I am still being attacked by UDP flood. "sudo iftop -n" command shows heavy MBs input traffic from the IPs I have already blocked using IP tables. Maybe iptables did not block the IPs? If yes then how can I fix it?
- Niky about 9 years
  
  Good question. I am not expert but that is my assumption. sudo iftop -n shows heavy MBs traffic from the IPs that I have already banned using iptables. So that person is still sending loads of traffic on my server? Is there a better way to block an IP permanently?
- Vamsi M about 9 years
  
  Hi, IPTables will be an stressful solution because you must block one by one the IP addresses attackers, but the attacker can change his IP address as much as he can, Do you accept another option for a solution?
- Niky about 9 years
  
  I have kimsufi server. They do not provide any help or support :( I am by my own. The person who is dosing my server is openly saying it :) He comes and says "now server is going down ta ta". Then traffic increases and server become irresponsive.
- MadHatter about 9 years
  
  I don't think you're quite getting my point. In all likelihood, you are blocking the traffic. But that doesn't stop people from sending it to you; that is not something you can achieve from where you are. You will need to work with your hosting provider to get them to stop passing the traffic to you, if it's overwhelming your connection.
- Niky about 9 years
  
  @ravasquezgt Thanks for your message. The attacker is only using 10 IPs and I do not mind blocking his new IPs but at least it should work. I am open to any solution as long as I can overcome this problem.

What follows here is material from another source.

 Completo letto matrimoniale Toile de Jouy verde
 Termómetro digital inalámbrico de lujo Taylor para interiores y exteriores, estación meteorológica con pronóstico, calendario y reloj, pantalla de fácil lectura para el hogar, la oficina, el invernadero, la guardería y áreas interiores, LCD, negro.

- Tero Kilkanen about 9 years
  
  It doesn't help if you block the IPs on your own server, because the traffic floods up the connection between your server and the Internet. You need to contact your hosting provider if they have any options available to filter the traffic in their systems.
- Vamsi M about 9 years
  
  @Niky I conclude like the others you must contact your ISP to ask for a solution of DoS on cloud, Why? Because the attacker can increase the traffic to your 80 port when he wants, if your ISP is not an option answer here an We can try with snort
- MadHatter about 9 years
  
  @TeroKilkanen thanks, Tero: I guess I wasn't making that point clearly enough!